We looked forward to accompanying Sue on the first Moonlight Stroll along the Bee Wash later that month. But we had no idea that later in the season we would be leading these walks ourselves. Nor did we realize that we’d soon be guiding a weekly daytime interpretive hike with winter visitors down the Bee Wash, over burro trails, and into the remoteness of the Sonoran Desert.
Another Name
Later that day, we returned to the Bee Wash by ourselves to explore. “Look here,” Chuck said, pointing to an elongated hole in the side of a bank. Nearby, on a mound of burro droppings, we discovered a skull and scattered bones. Close examination of the teeth confirmed the skull to be that of a badger. The squat, elongated hole, we learned from “A Field Guide to Desert Holes,” was once the home of a badger.
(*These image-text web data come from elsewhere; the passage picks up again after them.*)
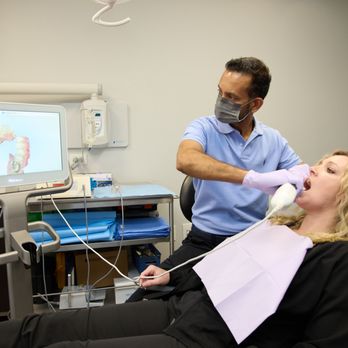 Serenity Dental - Cosmetic Dentists Near Me - Lutz, Florida Serenity Dental - Cosmetic Dentists Near Me - Lutz, Florida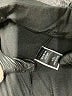 Shein Curve Black Formal Skirt Size 20 Plus (4) - photo 4
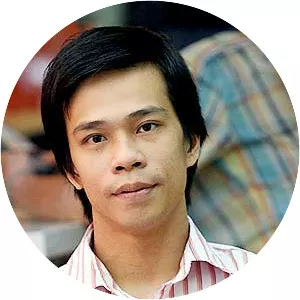 Tuong Van (Tường Văn)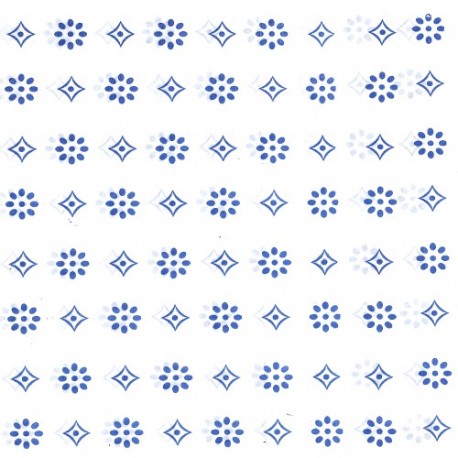 SACCHETTI 14X19CM DISEGNATI 1000PZ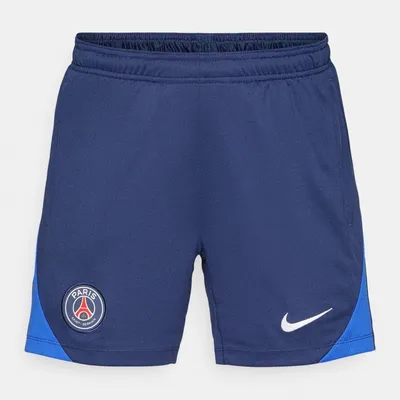 Image de Nike Paris Saint-Germain Strike Short Herren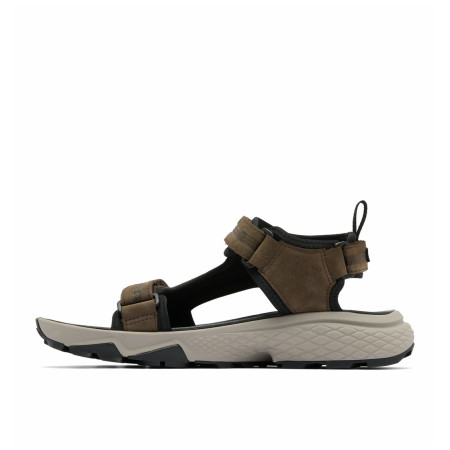 Sandalias de hombre Columbia Peakfreak Rush™ Sandal Lea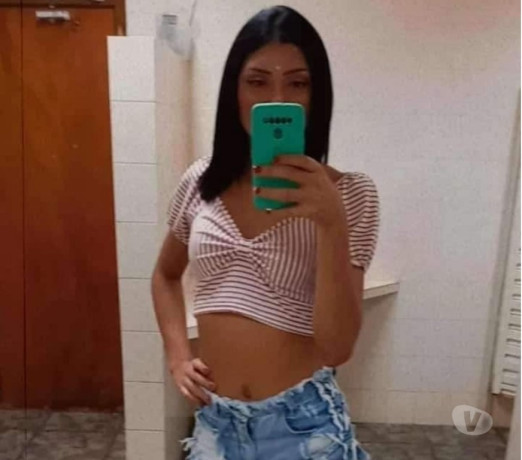 acompanhantes-carlopolis-pr-melhor-oferta-paranacarlopolis-em-paranacarlopolis-negociavel-big-2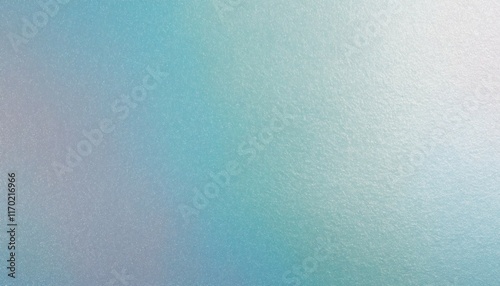 Shiny pearl gloss paper texture with subtle iridescent highlights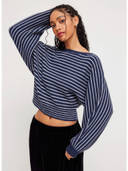 Navy Blue color option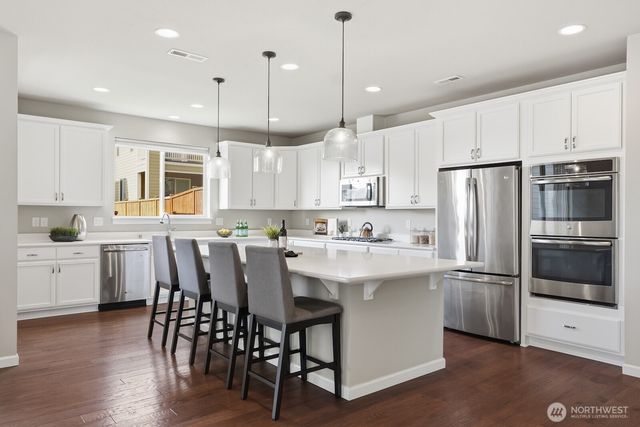 314 181st Street SE, Bothell, WA 98012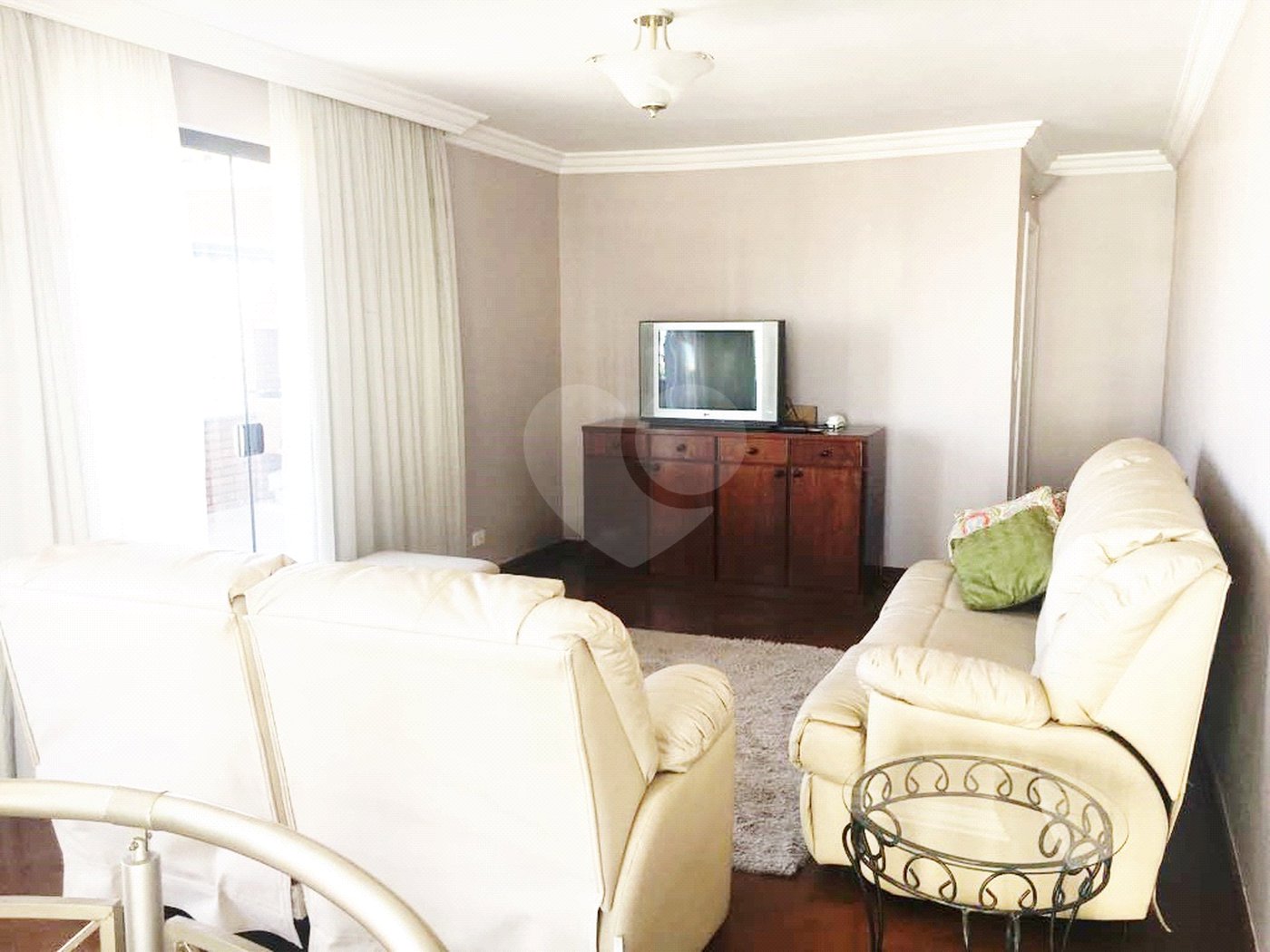 Cobertura à venda com 3 quartos, sendo 1 suíte, em Vila Guilherme, São Paulo, SP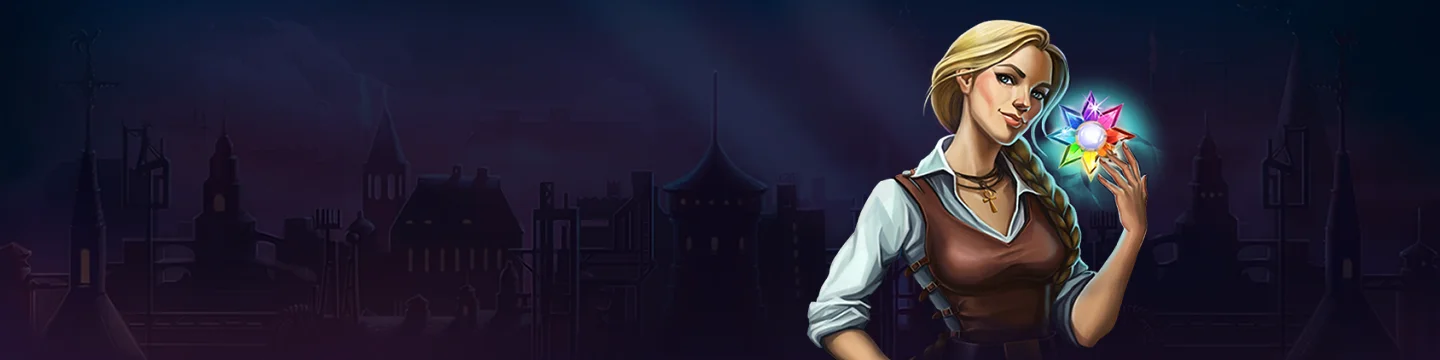 National Casino Promo Kode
We collected the skull and a few bones as a butterfly flitted nearby and a rabbit scampered away. “Badgers, butterflies, and bunnies!” we commented in unison. “Add that to bugs, birds, and bees, and just about everything here begins with the letter ‘B’.”
Burros turned loose by 19th century miners roamed the hills, and bighorn sheep struggled to survive here as well. Bats inhabited the area during summers, bobcats roamed nearby among brittlebush and bursage, and beavers built dams in the wetlands. And the wash emptied into Butler Lake.
“We’ve got a new name for the Bee Wash,” we told Sue when we returned to the visitor center.
Unofficially, with Sue’s sanction, the wash is now known as the B Wash.